= YOUR INSTRUCTIONS =
Output only the lines that run from the line holding "Hi there! I'm" to the end of the data below, including both ends, without any pictures.

= COLLECTED MATERIAL =
################

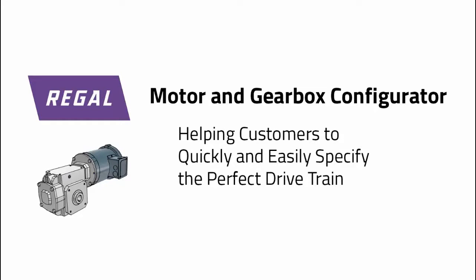Today we're going to see how the Regal Motor and Gearbox Configurator is helping Hub City and Marathon Motors users specify the perfect drivetrain for their application.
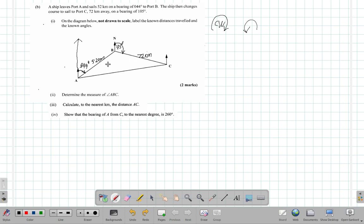Now part two says: determine the measure of angle ABC. So what we want here is this angle — angle ABC.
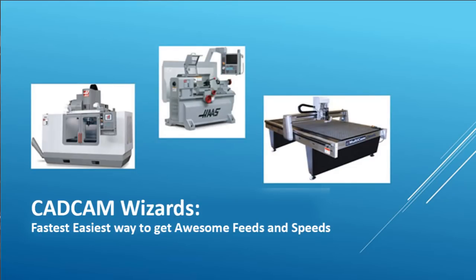Hi there! I'm Bob Warfield and I want to show you the one unique feature in G-Wizard that every CNCer needs. That feature is called CAD-CAM Wizards and no other package has anything close.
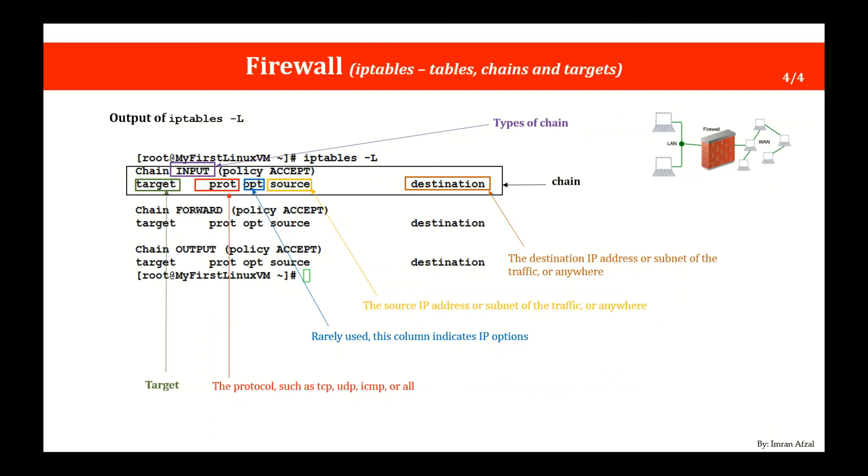So anyway guys, this is all about this lecture. I covered how you could download and install the iptables, how you could run it, and what does iptables output look like. So you need to understand before you even do the administration on the iptables, which we will cover in the next lecture to do certain practice and run certain commands. So stay tuned.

################

= TASK OUTPUT =
Hi there! I'm Bob Warfield and I want to show you the one unique feature in G-Wizard that every CNCer needs. That feature is called CAD-CAM Wizards and no other package has anything close.
So anyway guys, this is all about this lecture. I covered how you could download and install the iptables, how you could run it, and what does iptables output look like. So you need to understand before you even do the administration on the iptables, which we will cover in the next lecture to do certain practice and run certain commands. So stay tuned.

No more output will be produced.